The CEO of Artificial Mind & Movement - the studio behind WET and the PSP build of Danté's Inferno - said at a development conference that the ESRB is easily manipulated and that publishers take advantage of it.
Speaking at the Montreal International Game Summit, Rémi Racine of A2M said:
As a developer who has worked with a lot of different publishers, we're aware of many that have tried to cheat the rating. They say to the ERSB that it's a Teen rating [13+] rather than an Mature [17+] to try and sell more; you can do this just by sending them a video that doesn't show the most violent stuff and then you'll get the rating that you want rather than the rating you should get.

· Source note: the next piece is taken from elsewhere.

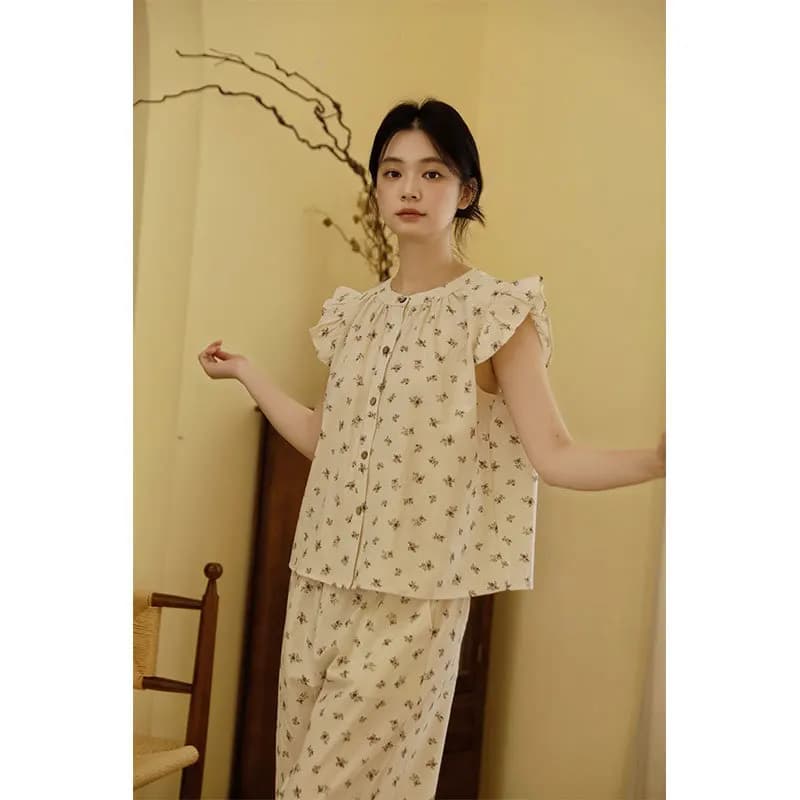 Pyjama en coton et lin respirant pour femme, ensemble de vêtements de nuit d'été avec imprimé cœur m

Edge Online, which quoted Racine at the Summit, then published this reply from the ESRB's Eliot Mizrachi:
ESRB takes full disclosure of content during the rating process extremely seriously, and companies that submit their games to ESRB know this very well. We regularly check games post-release to verify that submissions were complete, and it's very likely that if a game contains undisclosed content that would have affected the rating assigned, we'll find out about it. In such cases ESRB can actually impose fines up to $1 million as well as require corrective actions like re-labeling or even recalling product, both of which can obviously be very costly. There's no incentive whatsoever for publishers to withhold content from ESRB in an effort to receive a lower rating, and those that would do so risk significant penalties.
I can't think of any titles which exemplify Racine's accusation; of course, my radar is largely fixated on upcoming AAA releases, and games of such a high profile are almost definitely M-rated or not, in the public's mind, before the ESRB gets hold of them. When was the last M-versus-T controversy anyway? Does it even matter? That said, there might be a few marginal titles out there. But which ones?